The Modine promptly sprung a leak, it cooled great, but sucked air during the cool down cycle and caused overheating. Repairing aluminum is doable, but it really doesn't last forever. My repair finally gave out and I bought a pig in a poke (E Bay), Taiwan radiator.

This radiator is built like a brick, the finish isn't the best, lots of odd pieces of plastic sticking out from the vacuum molding process. But it seems to cool just fine and seems pretty darned sturdy. Time will tell how well it is going to last.

I think many of these hard to find overheating problems may be tiny leaks up high, where they suck air during the cool down cycle. That was my last overheating problem.

Between tiny leaks springing up in my old plumbing rubber and the heater valve and the radiator itself, the probability of a tiny leak that sucks air during the cool down cycle is pretty high, coolant is around 800 times thicker than air. During a normal cool down cycle the system sucks coolant up at least foot out of the coolant recovery bottle, there is a substantial vacuum in the system. Some of those coolant leaks evaporate before they ever leave a stain on the ground and may be hard to spot. Less likely to be an issue on leaks low in the system, but high leaks are likely to suck some substantial air in.
 
From what I've read a 30 degree diff is perfectly acceptable, not to contradict yoss or anything. I just thought I should add that if it comes in at 32 degrees diff, there isn't necessarily a problem.

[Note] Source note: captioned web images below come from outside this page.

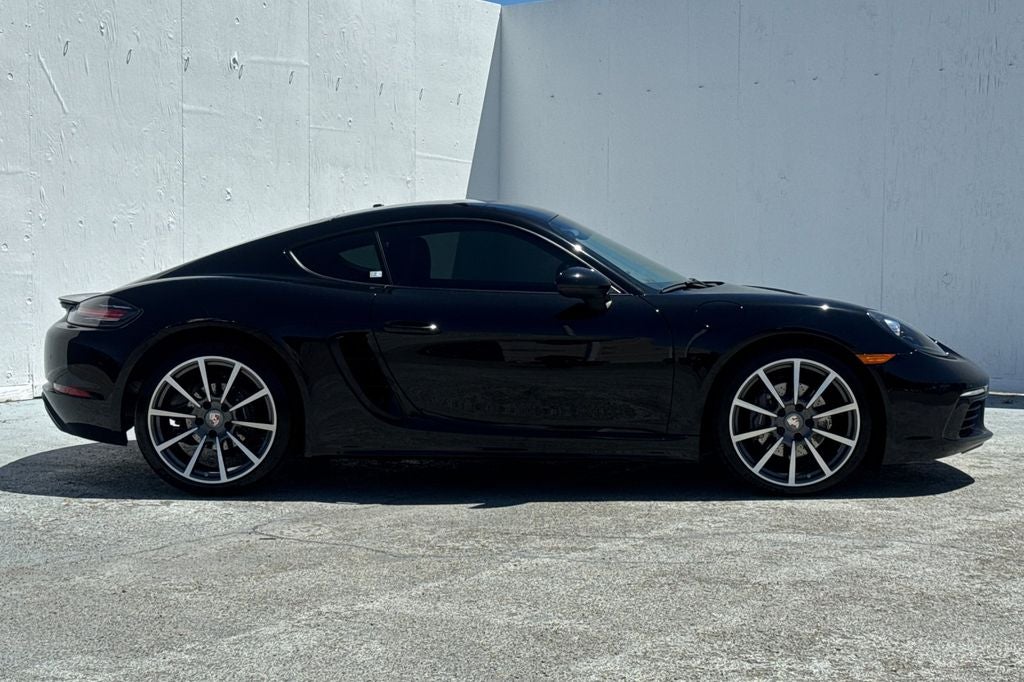 2018 Porsche 718 Cayman .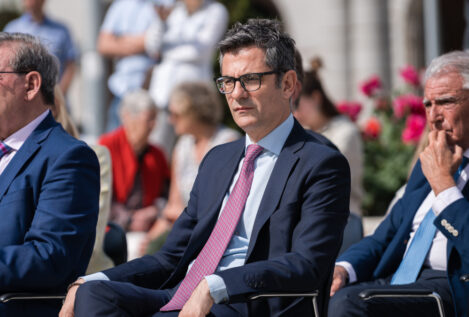 Bochorno en Moncloa y PSOE por el «ridículo» de Bolaños el 2-M: «Ahí sólo gana Ayuso»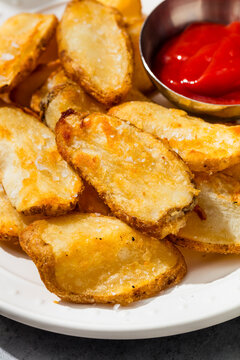 Homemade Deep Fried Potato Wedges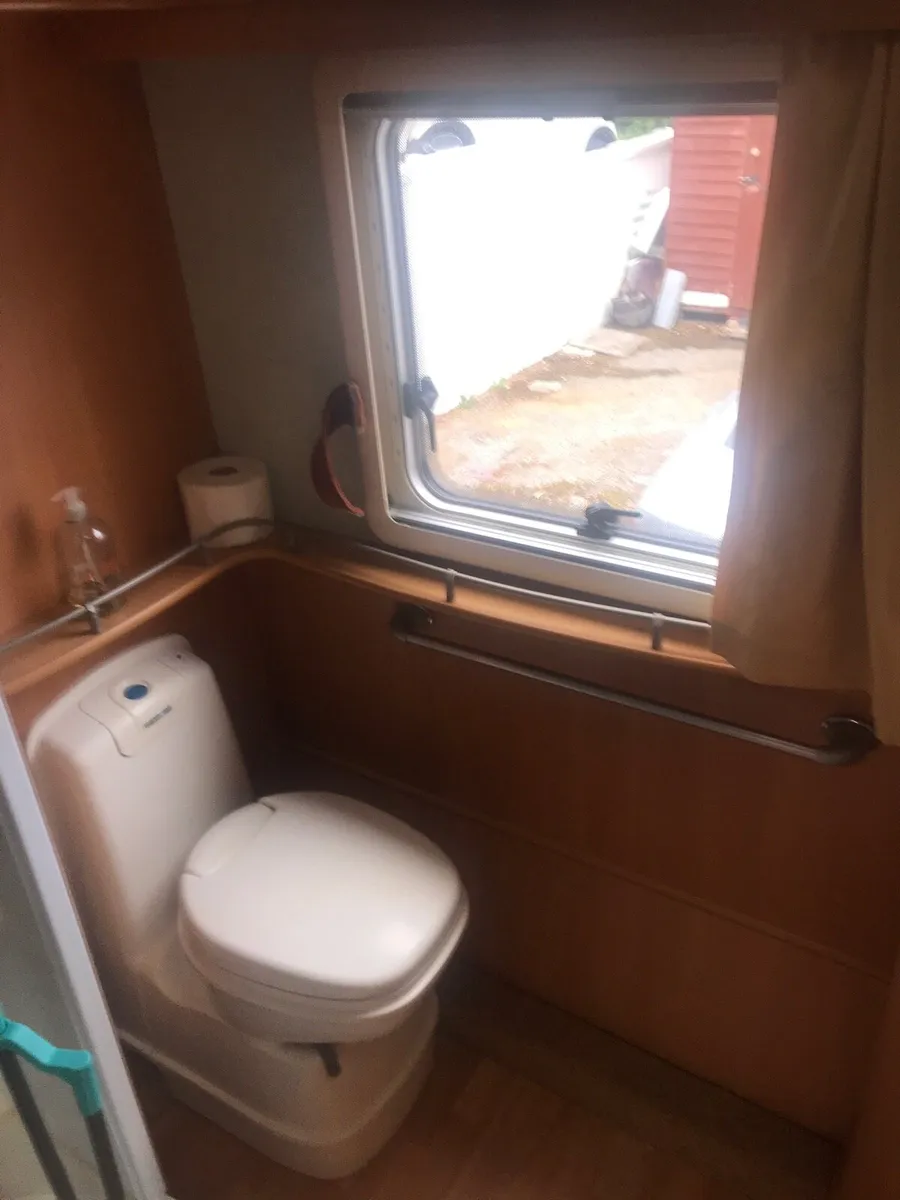 Caravan - Image 4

Curiosity, where did you read it? I don't disagree, I just couldn't remember where I'd gotten the 40 degree thing. Tried to find something in text, couldn't.
 
Curiosity, where did you read it? I don't disagree, I just couldn't remember where I'd gotten the 40 degree thing. Tried to find something in text, couldn't.

A lot of variables with temperature drop, ambient temperature, humidity, air flow volume, even the temperature going in.
 
8 mud is right too. I recall googling what an accepted temperature drop across the radiator is when my dad was having cooling issues with his car and ppl were trying to determine if it was flowing or blocked w/o a flow meter being put on it.

I believe I found the article. I can't speak for the man's credentials and I did not read it in it's entirety...but it is written in such a way and contains lots of other information that coalesces with what I understand so I buy it for the most part. The excerpt in question and about 1/4 of the way down the page reads "When the inlet temperature is generally around 190°F and the return outlet temperature is 165-175°F or lower, depending upon ambient air temperatures, then we can pretty much agree that the rig is operating per the design parameters that were set by the good folks at AMC at the beginning of the odyssey."

Full page here: http://oljeep.com/rad/edge_radiator.html
 
Worked for an OEM radiator company for years. Details do make a difference. Even the angle of the little windows in the fins is critical to throwing off heat. We verified that with a special testing machine daily. Some aftermarket companies might not do that.
 
Capacity is 3 gallons. I think a lot of overheating is due to low coolant. I know I can only get 2.5 gallons in mine...overflow included... I'm going to try and keep adding coolant until I can get 3 gallons in there...but I don't have an overheating issue.